The annual meetings will also be the de facto debut stage for Japan’s Finance Minister Koriki Jojima as well as World Bank Group President Jim Yong Kim.

The appointment of Jojima to the post on Oct. 1 was greeted with surprise by some, since the veteran lawmaker had never been named to the Cabinet before. While Jojima worked as the ruling Democratic Party of Japan’s Diet affairs chief, how he will fare against a number of global economic leaders remains to be seen.

Jojima was scheduled to meet with the Group of Seven finance ministers and central bank governors on Oct. 10, when his task included explaining Japan’s stance on the excessive appreciation of the yen and how it may be damaging the global economy. He was also expected to exchange opinions with his U.S. counterpart, Timothy Geithner, during the IMF meeting.

World Bank President Kim, who began his five-year term in July, will also face his first annual meetings. The former president of Dartmouth College, who succeeded Robert Zoellick, will have his ability put to the test as the World Bank tries to collaborate with member countries on a variety of topics.

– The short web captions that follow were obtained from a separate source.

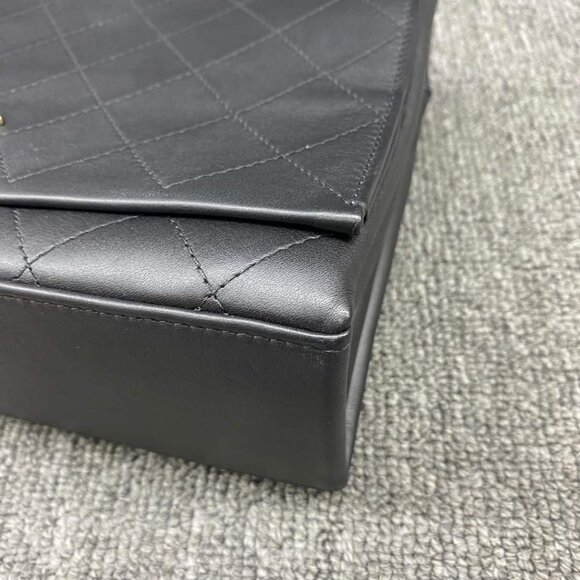 100% Authentic CHANEL Leather Shoulder Bag - Picture 5 of 14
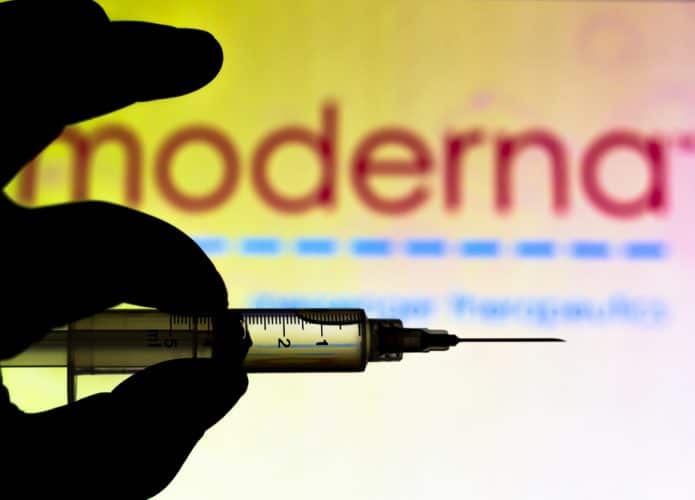 Ampola com uma vacina da Moderna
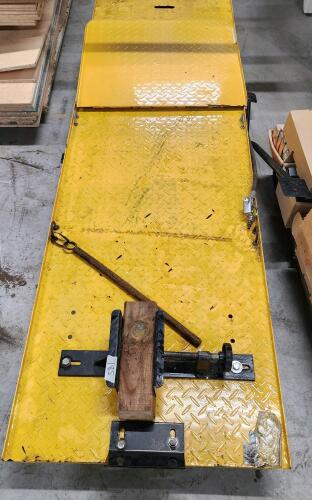 Air lift table 27"W 87"L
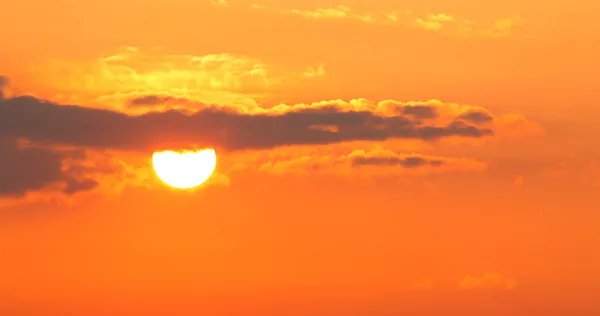 Pôr do sol laranja — Fotografia de Stock
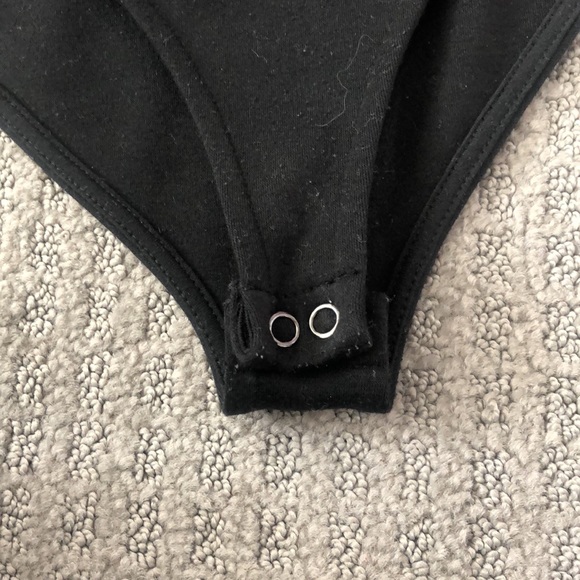 Forever 21 Button Bodysuit - Picture 2 of 4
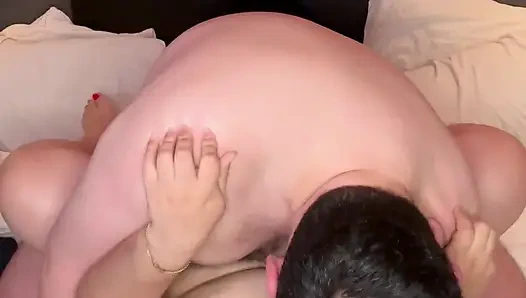 Seorang pria gemuk membayarku agar dia bisa aku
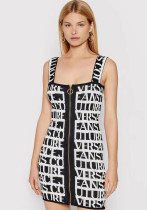 Tirantes de letras en blanco y negro Bodycon Vestido corto de vendaje Vestido de moda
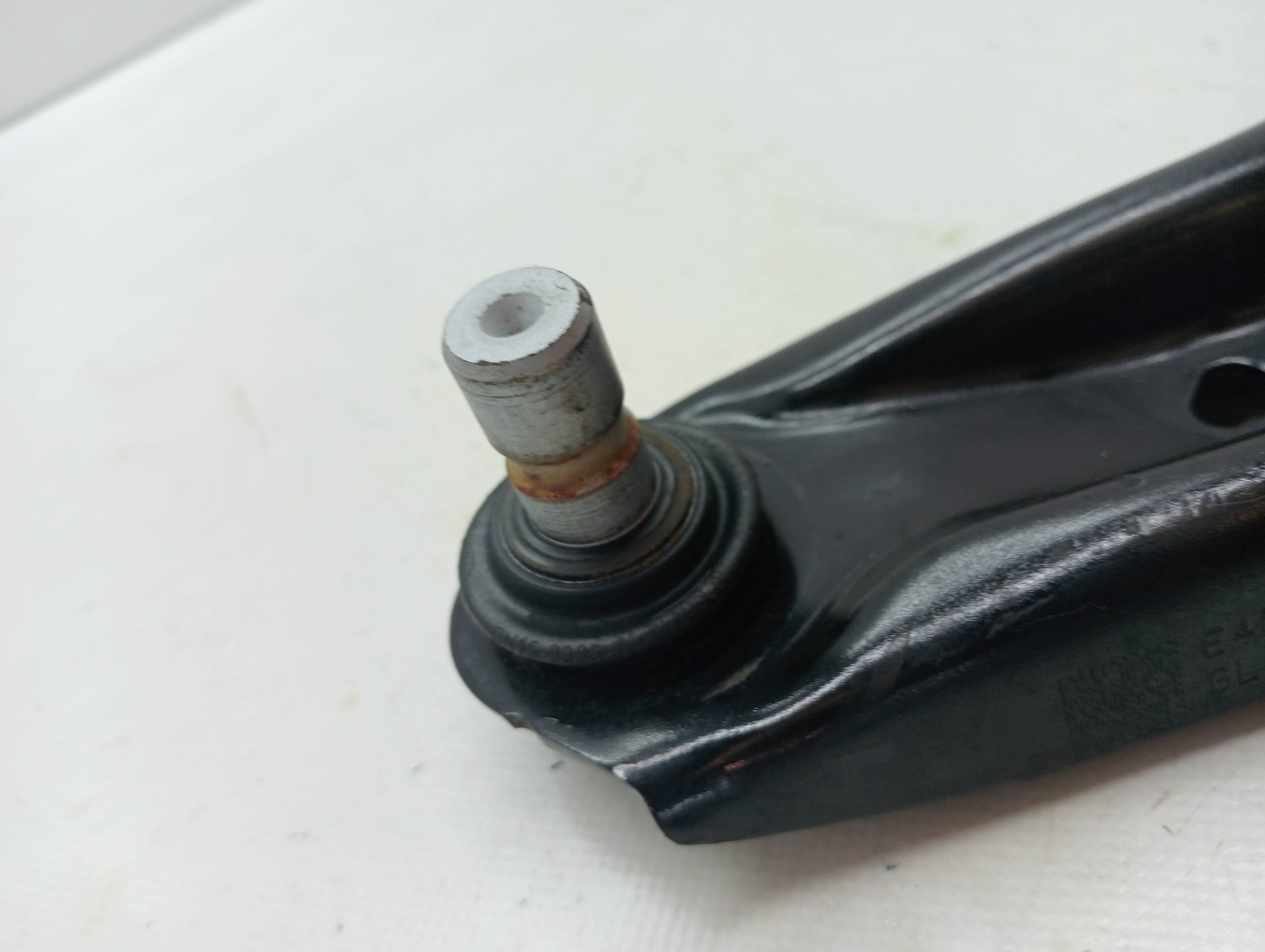 Brazo suspension inferior delantero derecho FORD KA+ 3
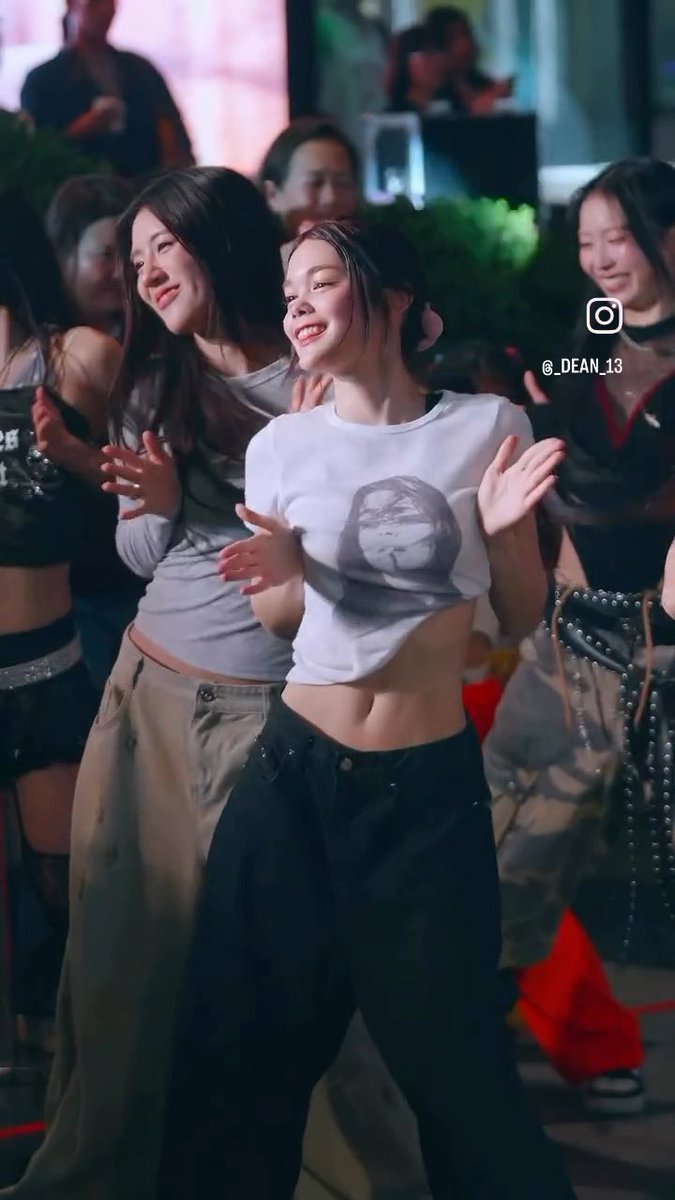 ลียาเต้นเพลงแน่นอก 🥹🔥 มูฟเมนต์คือดีมากกก พริ้วสุด ๆ เอวบางร่างเพียวมากลูกเอ้ยย ✨💃🏻 #ลียา #LIYAH_TACE #LIYAH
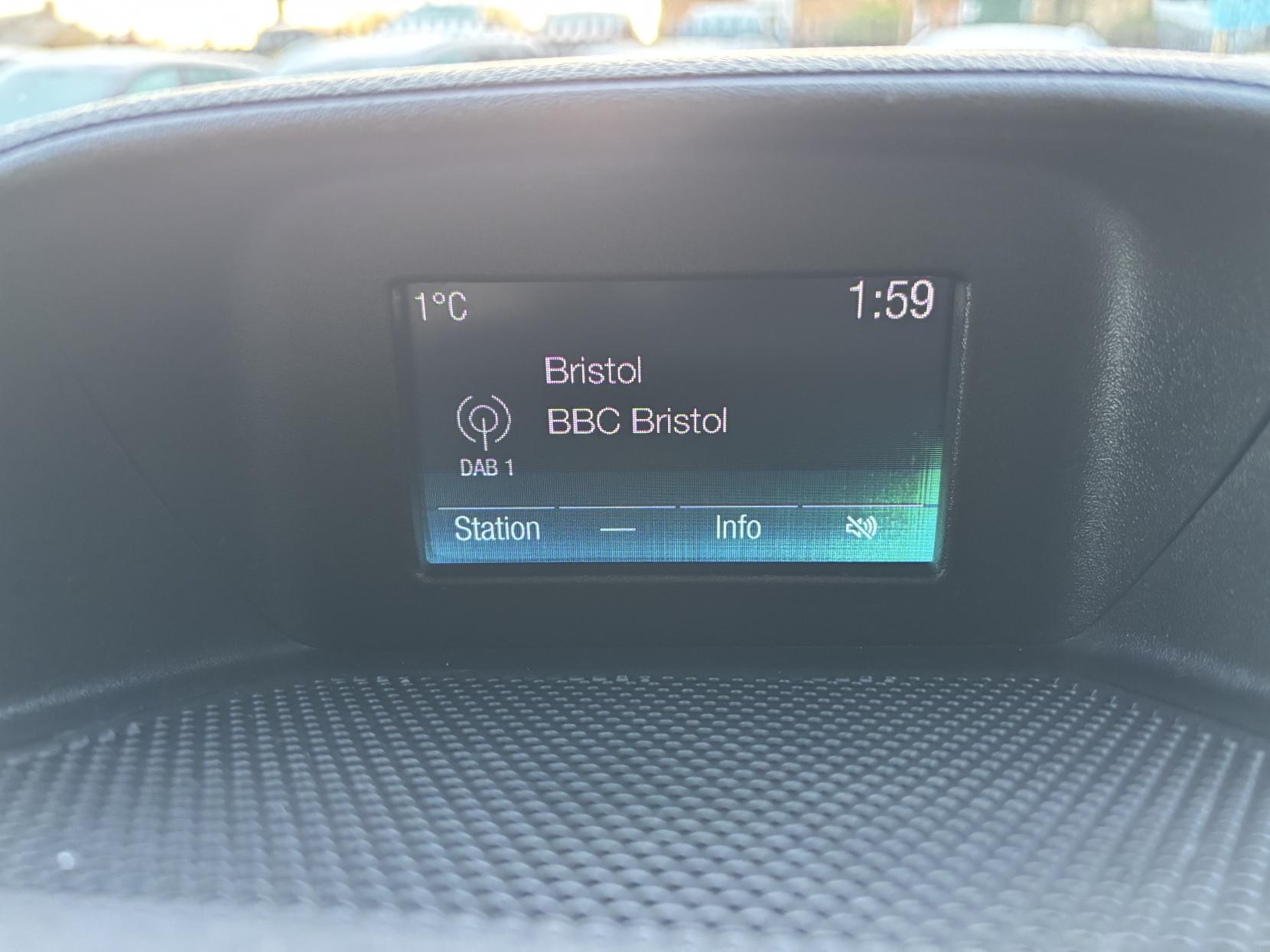 Ford Transit Custom 2.0 TDCi 290 Limited Panel Van 5dr Diesel Manual L1 H1 (163 g/km, 128 bhp)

The annual meetings kicked off in Tokyo on Oct. 9 , when Olivier Blanchard, the IMF economic counsellor and director of the research department, released the World Economic Outlook.

Seminars on sovereign risks and financially stability, as well as discussions on sustainable growth were among the events for Oct. 10.

IMF Managing Director Christine Lagarde and the World Bank’s Kim were scheduled to appear for a press briefing on Oct. 11, which was to be followed by seminars on topics including creating jobs, fighting poverty and securing global health.

The annual meetings plenary will take place on Oct. 12, with the International Monetary and Financial Committee (IMFC) meeting and the Development Committee (DC) meeting following Oct. 13.

A two-day dialogue was also scheduled to be held in Sendai on Oct. 9 and 10, where participants were to discuss disaster risk management through lessons learned from the Great East Japan Earthquake. Both Kim and Lagarde were scheduled to visit areas in the city that were devastated by the March 11 quake and tsunami.

“With growing uncertainty facing the global economy, cooperation and partnership among the countries has never been more important,” Hiroshi Naka, secretary general of the Japan Secretariat for the 2012 Annual Meetings of the IMF and the World Bank Group, said in a statement.

“We want to strengthen the bonds between the countries and forge the global resolve to sweep away the uncertainty surrounding the global economy,” he said, expressing his hopes for the meetings.